*SUPPLIED MATERIAL:*

◇ ◇ ◇ ◇

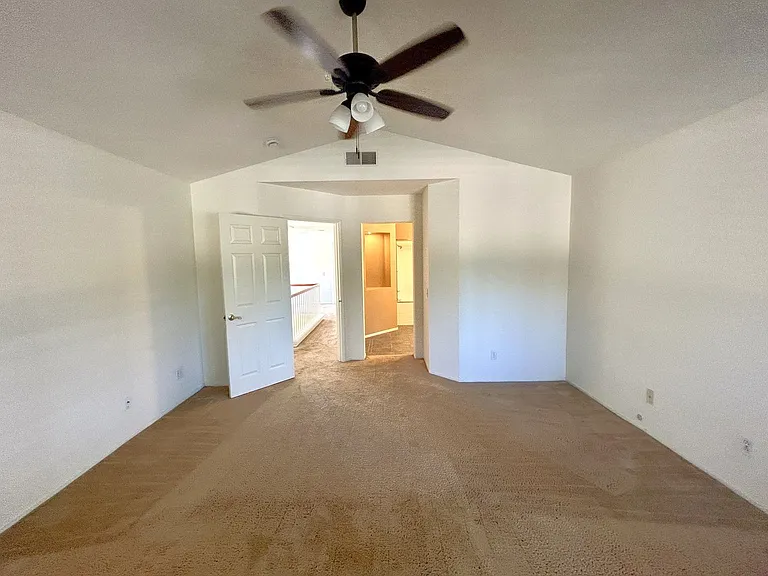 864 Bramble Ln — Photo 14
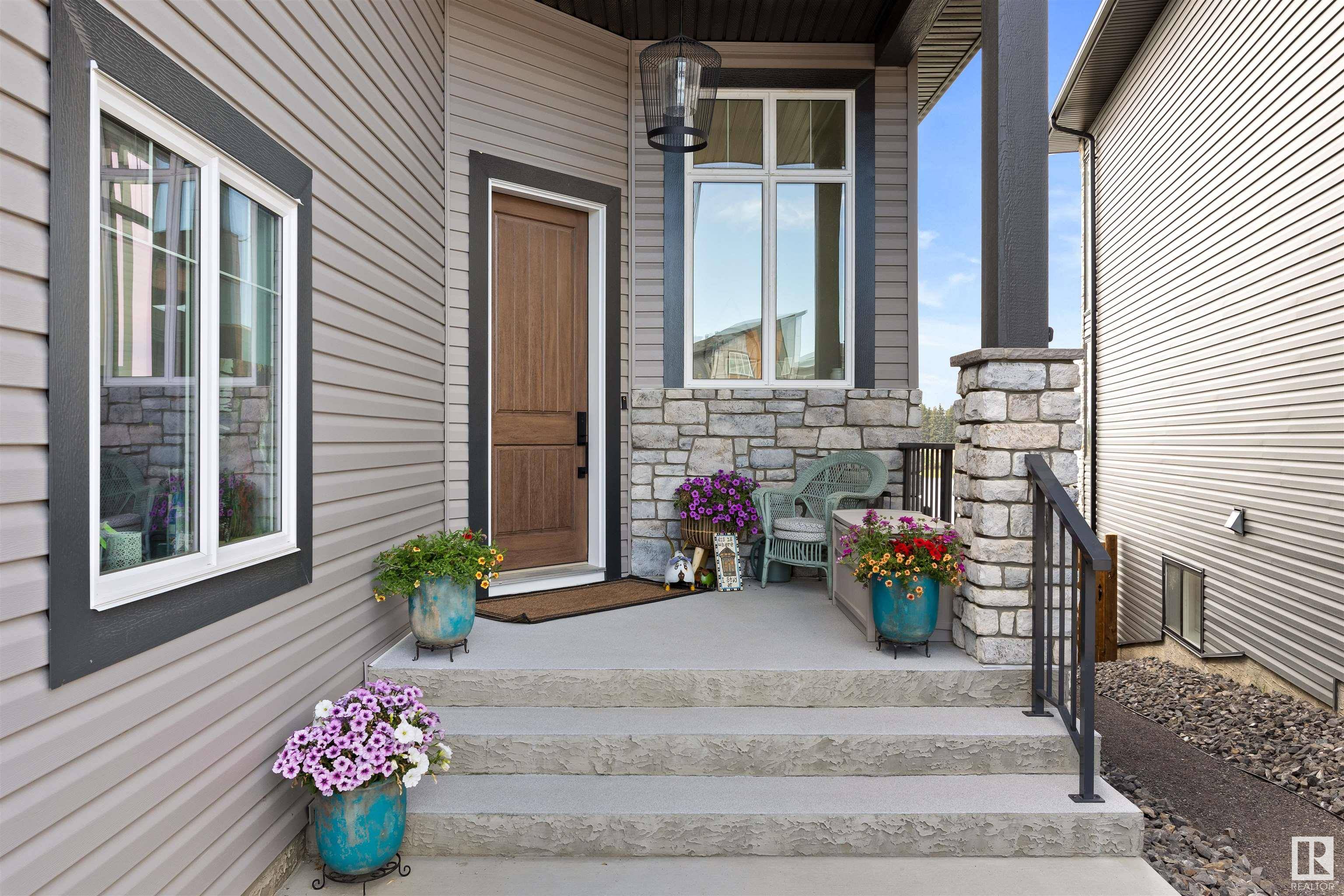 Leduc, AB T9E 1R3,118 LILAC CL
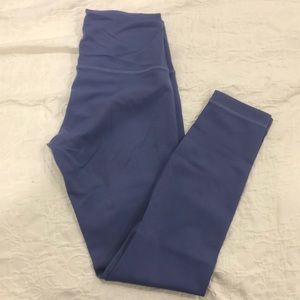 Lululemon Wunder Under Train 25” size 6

◇ ◇ ◇ ◇

*WHAT IS NEEDED:* Transcribe the span of lines that runs from the line with "Leduc, AB T9E 1R3,118 LILAC CL" to the end of the data, both ends included, exactly, with nothing else and no pictures.

*YOUR SOLUTION:*
 Leduc, AB T9E 1R3,118 LILAC CL
 Lululemon Wunder Under Train 25” size 6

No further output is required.